Web page caption snippets
--------------------------------------------------

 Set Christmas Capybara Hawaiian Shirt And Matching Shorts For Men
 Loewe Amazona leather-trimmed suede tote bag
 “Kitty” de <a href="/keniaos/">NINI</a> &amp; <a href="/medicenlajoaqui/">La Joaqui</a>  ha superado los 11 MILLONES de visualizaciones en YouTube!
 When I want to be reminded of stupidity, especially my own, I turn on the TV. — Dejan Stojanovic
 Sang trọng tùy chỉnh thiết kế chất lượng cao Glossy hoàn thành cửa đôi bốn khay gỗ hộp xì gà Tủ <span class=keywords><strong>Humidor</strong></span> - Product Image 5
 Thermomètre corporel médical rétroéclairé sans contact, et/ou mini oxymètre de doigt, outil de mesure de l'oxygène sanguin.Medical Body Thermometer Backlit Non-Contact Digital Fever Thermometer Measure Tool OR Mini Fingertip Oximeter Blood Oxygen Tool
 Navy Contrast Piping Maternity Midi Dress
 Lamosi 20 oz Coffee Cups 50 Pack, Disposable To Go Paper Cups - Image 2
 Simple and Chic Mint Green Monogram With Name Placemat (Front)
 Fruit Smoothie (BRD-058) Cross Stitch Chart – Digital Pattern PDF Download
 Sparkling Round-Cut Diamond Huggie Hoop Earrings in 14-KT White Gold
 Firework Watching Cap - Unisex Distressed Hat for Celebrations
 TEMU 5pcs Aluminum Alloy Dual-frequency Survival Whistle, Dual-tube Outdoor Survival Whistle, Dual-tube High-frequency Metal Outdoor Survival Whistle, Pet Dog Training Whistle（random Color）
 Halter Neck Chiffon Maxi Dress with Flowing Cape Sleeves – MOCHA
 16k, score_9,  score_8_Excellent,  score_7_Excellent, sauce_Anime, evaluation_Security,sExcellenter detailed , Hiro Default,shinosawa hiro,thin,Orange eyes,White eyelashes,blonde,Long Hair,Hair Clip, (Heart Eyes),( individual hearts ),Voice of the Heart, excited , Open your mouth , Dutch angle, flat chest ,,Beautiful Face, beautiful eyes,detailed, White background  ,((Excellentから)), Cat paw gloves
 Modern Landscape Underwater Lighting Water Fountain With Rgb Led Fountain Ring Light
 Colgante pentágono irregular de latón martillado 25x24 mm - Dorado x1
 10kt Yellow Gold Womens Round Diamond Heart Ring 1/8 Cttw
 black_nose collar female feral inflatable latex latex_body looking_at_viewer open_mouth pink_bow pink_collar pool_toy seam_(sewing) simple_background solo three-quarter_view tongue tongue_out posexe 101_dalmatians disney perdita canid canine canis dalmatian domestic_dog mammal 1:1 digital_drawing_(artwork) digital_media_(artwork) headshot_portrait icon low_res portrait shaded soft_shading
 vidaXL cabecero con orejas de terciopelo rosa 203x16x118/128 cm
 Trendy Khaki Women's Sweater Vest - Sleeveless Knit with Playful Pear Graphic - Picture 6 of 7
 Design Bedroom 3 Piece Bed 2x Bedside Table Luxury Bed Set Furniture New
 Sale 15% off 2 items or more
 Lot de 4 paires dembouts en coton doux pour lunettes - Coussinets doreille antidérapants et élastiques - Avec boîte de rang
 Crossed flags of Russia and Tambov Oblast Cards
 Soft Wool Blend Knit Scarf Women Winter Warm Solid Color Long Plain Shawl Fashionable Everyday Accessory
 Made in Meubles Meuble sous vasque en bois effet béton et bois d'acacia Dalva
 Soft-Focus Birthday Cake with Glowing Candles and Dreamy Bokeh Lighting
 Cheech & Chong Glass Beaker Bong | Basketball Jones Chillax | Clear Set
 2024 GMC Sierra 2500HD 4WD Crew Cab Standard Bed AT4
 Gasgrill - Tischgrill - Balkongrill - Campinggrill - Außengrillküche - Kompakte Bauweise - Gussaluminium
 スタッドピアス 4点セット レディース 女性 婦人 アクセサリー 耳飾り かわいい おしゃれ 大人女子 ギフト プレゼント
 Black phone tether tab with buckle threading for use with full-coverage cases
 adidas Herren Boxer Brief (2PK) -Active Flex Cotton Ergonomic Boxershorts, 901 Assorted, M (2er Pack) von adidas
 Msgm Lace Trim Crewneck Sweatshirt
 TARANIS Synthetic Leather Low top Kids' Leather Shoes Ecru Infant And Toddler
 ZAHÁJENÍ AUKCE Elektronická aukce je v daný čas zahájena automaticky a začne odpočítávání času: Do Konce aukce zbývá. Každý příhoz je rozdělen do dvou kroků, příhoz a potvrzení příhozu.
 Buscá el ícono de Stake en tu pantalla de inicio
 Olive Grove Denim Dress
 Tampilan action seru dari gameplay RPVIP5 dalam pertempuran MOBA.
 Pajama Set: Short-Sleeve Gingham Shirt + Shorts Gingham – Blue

--------------------------------------------------

Work request -> Within the data above, the span starting at the line containing "Sparkling Round-Cut Diamond" and ending at the line containing "Modern Landscape Underwater" is to be retyped exactly, with no other lines.

Answer section ->
 Sparkling Round-Cut Diamond Huggie Hoop Earrings in 14-KT White Gold
 Firework Watching Cap - Unisex Distressed Hat for Celebrations
 TEMU 5pcs Aluminum Alloy Dual-frequency Survival Whistle, Dual-tube Outdoor Survival Whistle, Dual-tube High-frequency Metal Outdoor Survival Whistle, Pet Dog Training Whistle（random Color）
 Halter Neck Chiffon Maxi Dress with Flowing Cape Sleeves – MOCHA
 16k, score_9,  score_8_Excellent,  score_7_Excellent, sauce_Anime, evaluation_Security,sExcellenter detailed , Hiro Default,shinosawa hiro,thin,Orange eyes,White eyelashes,blonde,Long Hair,Hair Clip, (Heart Eyes),( individual hearts ),Voice of the Heart, excited , Open your mouth , Dutch angle, flat chest ,,Beautiful Face, beautiful eyes,detailed, White background  ,((Excellentから)), Cat paw gloves
 Modern Landscape Underwater Lighting Water Fountain With Rgb Led Fountain Ring Light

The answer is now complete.